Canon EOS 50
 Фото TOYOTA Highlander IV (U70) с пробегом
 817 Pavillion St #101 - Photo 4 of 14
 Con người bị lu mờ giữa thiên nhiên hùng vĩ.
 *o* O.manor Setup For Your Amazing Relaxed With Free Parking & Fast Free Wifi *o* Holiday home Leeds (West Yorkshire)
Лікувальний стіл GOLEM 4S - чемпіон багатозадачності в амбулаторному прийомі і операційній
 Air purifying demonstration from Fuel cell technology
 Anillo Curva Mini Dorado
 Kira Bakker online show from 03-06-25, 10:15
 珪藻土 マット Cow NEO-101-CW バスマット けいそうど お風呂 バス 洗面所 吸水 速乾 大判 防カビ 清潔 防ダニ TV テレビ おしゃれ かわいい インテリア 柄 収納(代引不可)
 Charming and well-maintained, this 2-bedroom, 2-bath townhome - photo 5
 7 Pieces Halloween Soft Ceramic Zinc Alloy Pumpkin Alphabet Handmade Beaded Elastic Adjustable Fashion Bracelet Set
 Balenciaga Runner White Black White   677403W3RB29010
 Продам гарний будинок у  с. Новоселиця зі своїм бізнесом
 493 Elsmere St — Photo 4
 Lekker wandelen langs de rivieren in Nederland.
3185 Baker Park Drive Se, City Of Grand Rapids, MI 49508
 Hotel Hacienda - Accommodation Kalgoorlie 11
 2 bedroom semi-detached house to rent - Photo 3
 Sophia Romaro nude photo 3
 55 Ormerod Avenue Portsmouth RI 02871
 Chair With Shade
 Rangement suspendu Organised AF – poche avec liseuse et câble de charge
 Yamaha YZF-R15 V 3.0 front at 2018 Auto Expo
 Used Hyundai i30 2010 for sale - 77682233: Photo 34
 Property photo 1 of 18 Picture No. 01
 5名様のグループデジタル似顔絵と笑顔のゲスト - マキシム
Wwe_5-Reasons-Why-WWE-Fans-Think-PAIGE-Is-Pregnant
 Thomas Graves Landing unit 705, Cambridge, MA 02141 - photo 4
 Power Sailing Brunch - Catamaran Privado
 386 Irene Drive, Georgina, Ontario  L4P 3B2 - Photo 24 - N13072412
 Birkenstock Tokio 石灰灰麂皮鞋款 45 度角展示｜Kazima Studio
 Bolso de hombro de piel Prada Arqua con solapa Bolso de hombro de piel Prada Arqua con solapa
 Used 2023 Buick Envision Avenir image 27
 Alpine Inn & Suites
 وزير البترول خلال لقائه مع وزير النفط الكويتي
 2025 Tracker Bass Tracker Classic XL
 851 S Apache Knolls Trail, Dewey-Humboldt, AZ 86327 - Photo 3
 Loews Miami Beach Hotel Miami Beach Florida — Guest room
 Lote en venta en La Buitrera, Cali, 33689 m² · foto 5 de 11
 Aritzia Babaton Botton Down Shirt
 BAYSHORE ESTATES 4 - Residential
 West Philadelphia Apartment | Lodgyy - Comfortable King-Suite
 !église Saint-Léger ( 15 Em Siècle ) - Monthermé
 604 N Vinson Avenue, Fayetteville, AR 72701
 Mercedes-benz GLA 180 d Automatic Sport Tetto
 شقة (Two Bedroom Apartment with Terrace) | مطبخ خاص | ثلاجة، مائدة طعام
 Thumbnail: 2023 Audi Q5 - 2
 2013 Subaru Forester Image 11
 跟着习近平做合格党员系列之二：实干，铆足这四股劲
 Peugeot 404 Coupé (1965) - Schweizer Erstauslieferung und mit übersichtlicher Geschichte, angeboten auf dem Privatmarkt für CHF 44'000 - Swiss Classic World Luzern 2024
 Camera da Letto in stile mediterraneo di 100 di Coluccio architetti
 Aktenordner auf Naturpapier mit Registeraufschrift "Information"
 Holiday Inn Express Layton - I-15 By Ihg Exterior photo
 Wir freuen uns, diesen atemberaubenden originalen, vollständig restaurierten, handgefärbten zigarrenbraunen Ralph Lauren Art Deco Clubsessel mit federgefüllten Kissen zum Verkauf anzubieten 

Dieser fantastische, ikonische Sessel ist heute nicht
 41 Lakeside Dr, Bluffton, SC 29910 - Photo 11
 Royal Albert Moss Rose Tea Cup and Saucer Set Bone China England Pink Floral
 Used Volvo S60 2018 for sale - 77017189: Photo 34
**********
=== WHAT YOU HAVE TO DO ===
Among the entries above, copy exactly only the lines starting with the one containing "BAYSHORE ESTATES 4 - Residential" and going through the one containing "2013 Subaru Forester Image 11", both ends included.

=== SOLUTION TO THIS TASK ===
 BAYSHORE ESTATES 4 - Residential
 West Philadelphia Apartment | Lodgyy - Comfortable King-Suite
 !église Saint-Léger ( 15 Em Siècle ) - Monthermé
 604 N Vinson Avenue, Fayetteville, AR 72701
 Mercedes-benz GLA 180 d Automatic Sport Tetto
 شقة (Two Bedroom Apartment with Terrace) | مطبخ خاص | ثلاجة، مائدة طعام
 Thumbnail: 2023 Audi Q5 - 2
 2013 Subaru Forester Image 11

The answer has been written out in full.